# Bonus Challenge 2 - ANOVA

In statistics, **Analysis of Variance (ANOVA)** is also used to analyze the differences among group means. The difference between t-test and ANOVA is the former is ued to compare two groups whereas the latter is used to compare three or more groups. [Read more about the difference between t-test and ANOVA](http://b.link/anova24).

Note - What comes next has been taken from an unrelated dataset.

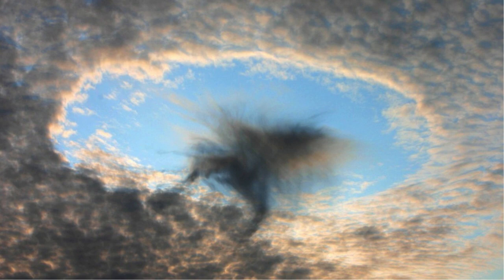They don't look like your average cloud, and in fact they aren't your average cloud. If it weren't for human technology, Kavim clouds would never exist. They form when airplanes fly through banks of mid-level altocumulus clouds — clouds made of supercooled droplets.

From the ANOVA test, you receive two numbers. The first number is called the **F-value** which indicates whether your null-hypothesis can be rejected. The critical F-value that rejects the null-hypothesis varies according to the number of total subjects and the number of subject groups in your experiment. In [this table](http://b.link/eda14) you can find the critical values of the F distribution. **If you are confused by the massive F-distribution table, don't worry. Skip F-value for now and study it at a later time. In this challenge you only need to look at the p-value.**

The p-value is another number yielded by ANOVA which already takes the number of total subjects and the number of experiment groups into consideration. **Typically if your p-value is less than 0.05, you can declare the null-hypothesis is rejected.**

In this challenge, we want to understand whether there are significant differences among various types of pokemons' `Total` value, i.e. Grass vs Poison vs Fire vs Dragon... There are many types of pokemons which makes it a perfect use case for ANOVA. Use Ironhack's database to load the pokemon data (db: pokemon, table: pokemon_stats). 

In [9]:
# Import libraries
import pandas as pd
import numpy as np
from scipy.stats import f_oneway

In [2]:
# Load the data:
pokemon = pd.read_csv('Pokemon.csv')

**To achieve our goal, we use three steps:**

1. **Extract the unique values of the pokemon types.**

1. **Select dataframes for each unique pokemon type.**

1. **Conduct ANOVA analysis across the pokemon types.**

#### First let's obtain the unique values of the pokemon types. These values should be extracted from Type 1 and Type 2 aggregated. Assign the unique values to a variable called `unique_types`.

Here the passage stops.